The biggest of these enforcement challenges is that the business must prove that a former employee solicited an existing, prospective, or former client to leave. Businesses are not often aware of the specific reason why a client leaves, making enforcement difficult but not impossible.

Possible Clauses

To help businesses understand the distinction between these restrictive covenants, there are key pieces that may help a company enforce these clauses. The exact needs of every business will vary. For that reason, and to have a complete understanding and review of a company’s restrictive covenants, it is advisable to speak with a skilled business lawyer.

For non-compete terms::

  • Restrict the former employee to working in a similar position with a client or competitor.
  • Only restrict the former employee within a geographic area around the company’s office.
  • Lift restrictions after a reasonable period of time, such as two years.

For non-solicitation terms:

  • Restrict the former employee from soliciting existing and potential clients and current employees.
  • Limit the restriction to no more than two years.

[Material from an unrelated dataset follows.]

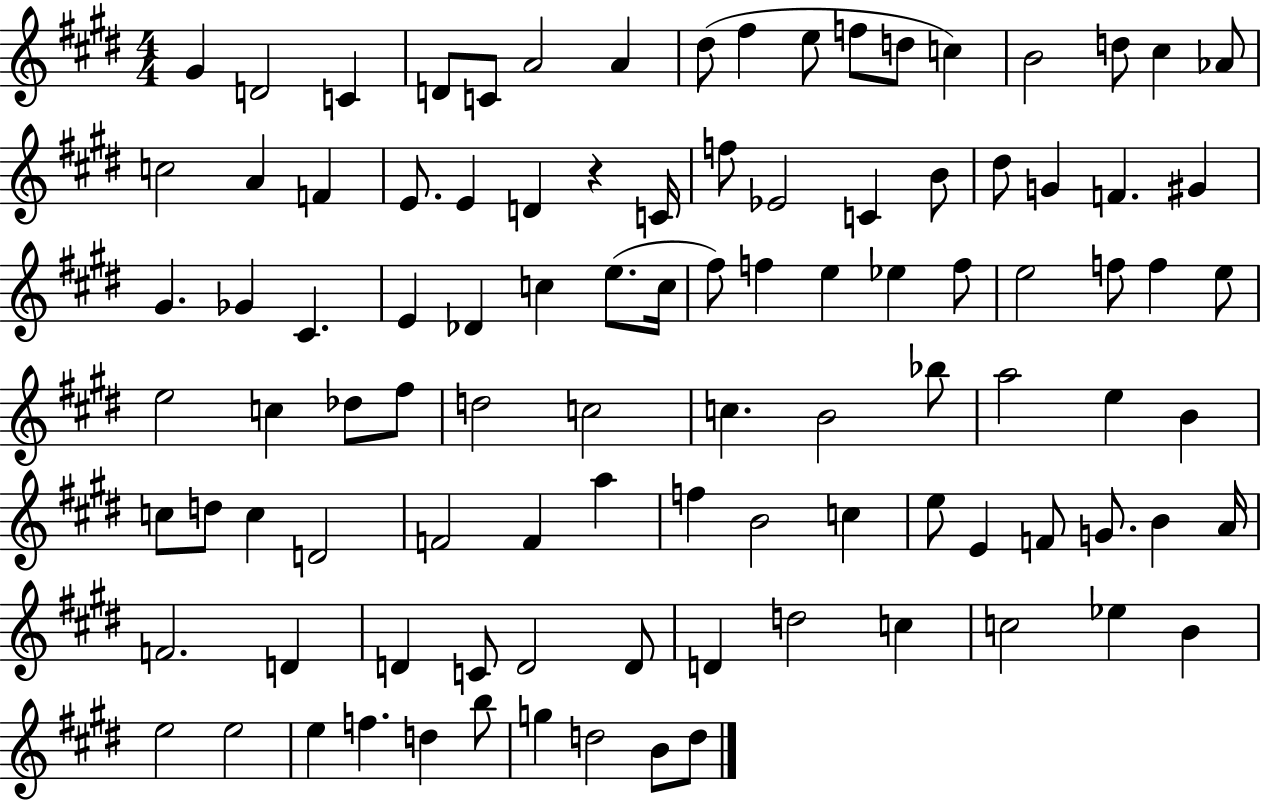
G#4/q D4/h C4/q D4/e C4/e A4/h A4/q D#5/e F#5/q E5/e F5/e D5/e C5/q B4/h D5/e C#5/q Ab4/e C5/h A4/q F4/q E4/e. E4/q D4/q R/q C4/s F5/e Eb4/h C4/q B4/e D#5/e G4/q F4/q. G#4/q G#4/q. Gb4/q C#4/q. E4/q Db4/q C5/q E5/e. C5/s F#5/e F5/q E5/q Eb5/q F5/e E5/h F5/e F5/q E5/e E5/h C5/q Db5/e F#5/e D5/h C5/h C5/q. B4/h Bb5/e A5/h E5/q B4/q C5/e D5/e C5/q D4/h F4/h F4/q A5/q F5/q B4/h C5/q E5/e E4/q F4/e G4/e. B4/q A4/s F4/h. D4/q D4/q C4/e D4/h D4/e D4/q D5/h C5/q C5/h Eb5/q B4/q E5/h E5/h E5/q F5/q. D5/q B5/e G5/q D5/h B4/e D5/e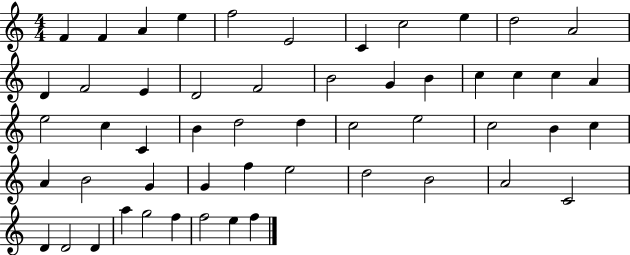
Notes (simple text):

F4/q F4/q A4/q E5/q F5/h E4/h C4/q C5/h E5/q D5/h A4/h D4/q F4/h E4/q D4/h F4/h B4/h G4/q B4/q C5/q C5/q C5/q A4/q E5/h C5/q C4/q B4/q D5/h D5/q C5/h E5/h C5/h B4/q C5/q A4/q B4/h G4/q G4/q F5/q E5/h D5/h B4/h A4/h C4/h D4/q D4/h D4/q A5/q G5/h F5/q F5/h E5/q F5/q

Philadelphia Business Lawyers at Sidkoff, Pincus & Green P.C. Help Clients with Non-Compete and Non-Solicit Agreements

If your business is facing non-compliance from current or former employees, or if you want to understand whether your restrictive covenants are enforceable, we can help. Your business is important to you, and you need guidance you can trust. The Philadelphia business lawyers at Sidkoff, Pincus & Green P.C. can help you with your business needs. Contact us online or call us at 215-574-0600 for an initial consultation. Located in Philadelphia, we serve clients throughout Pennsylvania and New Jersey.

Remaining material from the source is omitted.